The Parent Trap 25th Anniversary—Deeply Problematic. (2024)

The Parent Trap 25th Anniversary—Deeply Problematic. (2)

The Parent Trap, the 1998 comedy that launched Lindsay Lohan to stardom, celebrates its 25th anniversary this month. A remake of the 1961 classic, doppelgangers Hallie and the British Annie, both played by Lohan, encounter one another at summer camp where they eventually realize they’re actually twins, separated at birth by their bitterly divorced parents, vigneron Nick (Dennis Quaid) and fashion designer Elizabeth (Natasha Richardson). The hijinks the twins get up to in order to get their parents back together and fix their family keeps The Parent Trap on nostalgic lists and in frequent rotation for family movie nights. But nostalgia is notoriously rose-colored, and watching The Parent Trap through a modern lens highlights how deeply disturbed it is.

“The movie really glosses over the aspect of anger and resentment towards parents,” Dr. Sulman Aziz Mirza, MD, a triple board certified physician in adult psychiatry, child and adolescent psychiatry and addiction medicine, tells me. “There was some initial shock in the movie, but then it was like, now we have to get you guys together so that we can live the rest of our lives happily ever after to make up for it.”
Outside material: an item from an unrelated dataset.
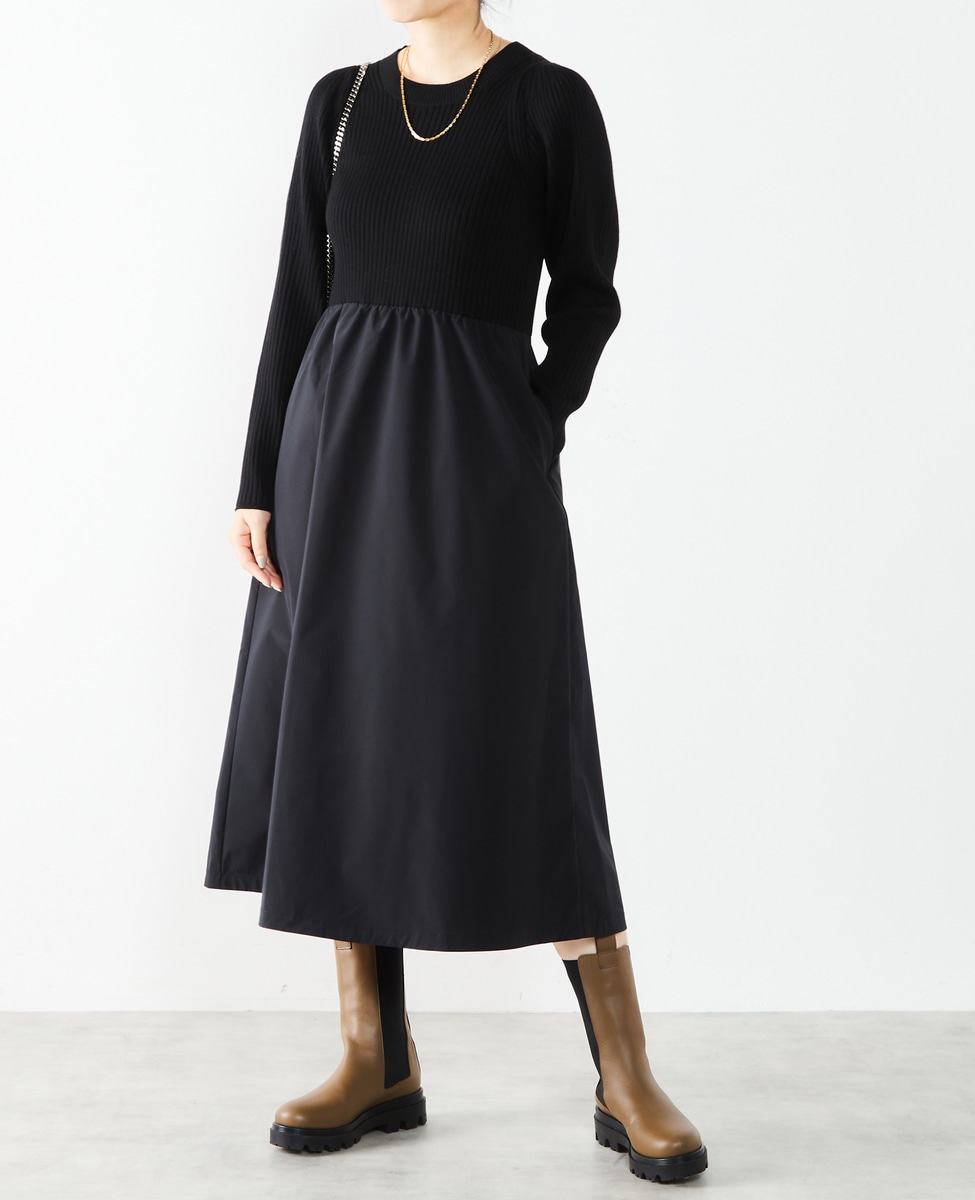 Martinique ストレッチタフタknitコンビワンピース 商品詳細 メルローズ公式通販 Melrose Store メルローズストア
The extent of the movie addressing this psychologically-damaging turn of the events is Hallie guffawing that her father withheld the fact that she was a twin for the first eleven years and nine months of her life. While Hallie and Annie could be forgiven for taking a beat to process this reality-shattering news, the adults surrounding the drama similarly shrug it off. The most incredulous character is Nick’s young fiance (the incomparable Elaine Hendrix), mostly because now she has to deal with two pre-pubescent girls instead of one. Dr. Mirza believes, though, that the twins would be reeling from “the loss of a sibling bond. To reconnect at that age [amplifies] the loss, especially in the developmental years. We rely so much on our siblings.”
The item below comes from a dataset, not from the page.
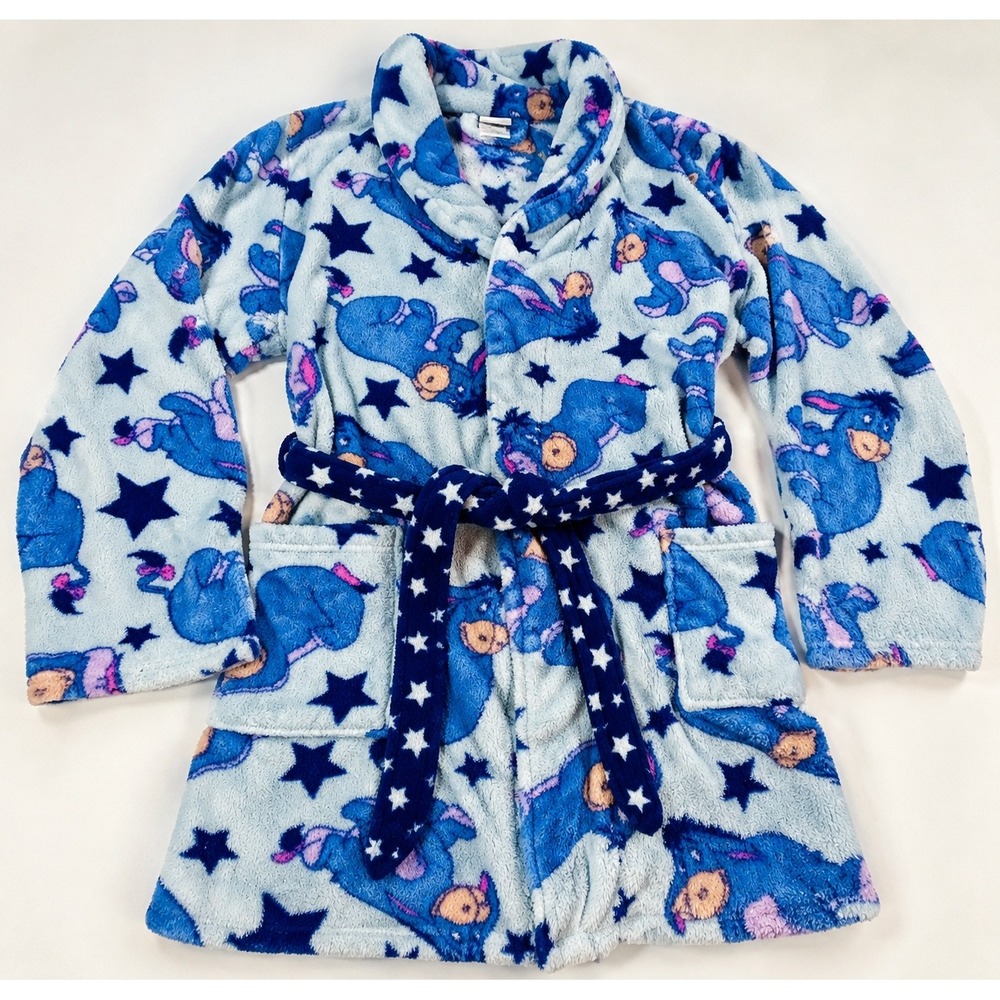 Disney Eeyore Robe Plush Fleece Star Print Loungewear Blue Women Small 4-6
That goes doubly (heh) when said siblings are twins. Much is made of the twin connection, and although Dr. Mirza points towards Annie and Hallie’s individuality, such as Hallie’s proficiency in fencing and Annie’s strawberry allergy, ultimately “it makes the loss of the twin bond worse because it’s like, you are this part of me that should have been there my entire life. The loss is the hardest part because they’ve lost however many years of time together, growing up, developing together, supporting each other.”

Instead of focussing on how this affected each child — and, indeed, each parent effectively having suffered a form of infant loss when they split up and sever all ties with one of their children shortly after birth — The Parent Trap uses this as a flimsy plot point to get this boring white couple back together, which can be damaging to viewers with similar experiences, too.

“When people watch these movies hoping to see a great representation of what they went through, [it] comes across as really damaging and a really negative presentation of what happened,” Dr. Mirza says, such as queer representation or Sia’s Music, which Dr. Mirza offers as an example.

You better believe that if The Parent Trap was remade today, much more credence would be given to the psychological ramifications of the twins. And if it got the diverse reboot treatment that so many of our favorite childhood IP has undergone (for better or worse), The Parent Trap would be ripe for all sorts of examinations of family separation, incarceration, missing children and immigration, issues that disproportionately affect families of color.

Dr. Mirza is sure to note that what the trapped parents did isn’t child abuse per se, but it is “sh*tty parenting,” and according to the CDC, parental separation is one of the ten adverse child experiences that can have impacts in adulthood.

How might that affect an adult Hallie and Annie if they choose to have kids of their own, like their portrayer Lohan?

“If we’re going by their characters’ [situation], they’re going to overcompensate,” Dr. Mirza says, by staying in bad relationships or forcing overly close bonds. “They overcompensated in the movie by forcing their parents back together, disregarding why they split up in the first place… which was a very dismally PG-rated [reason in the film].”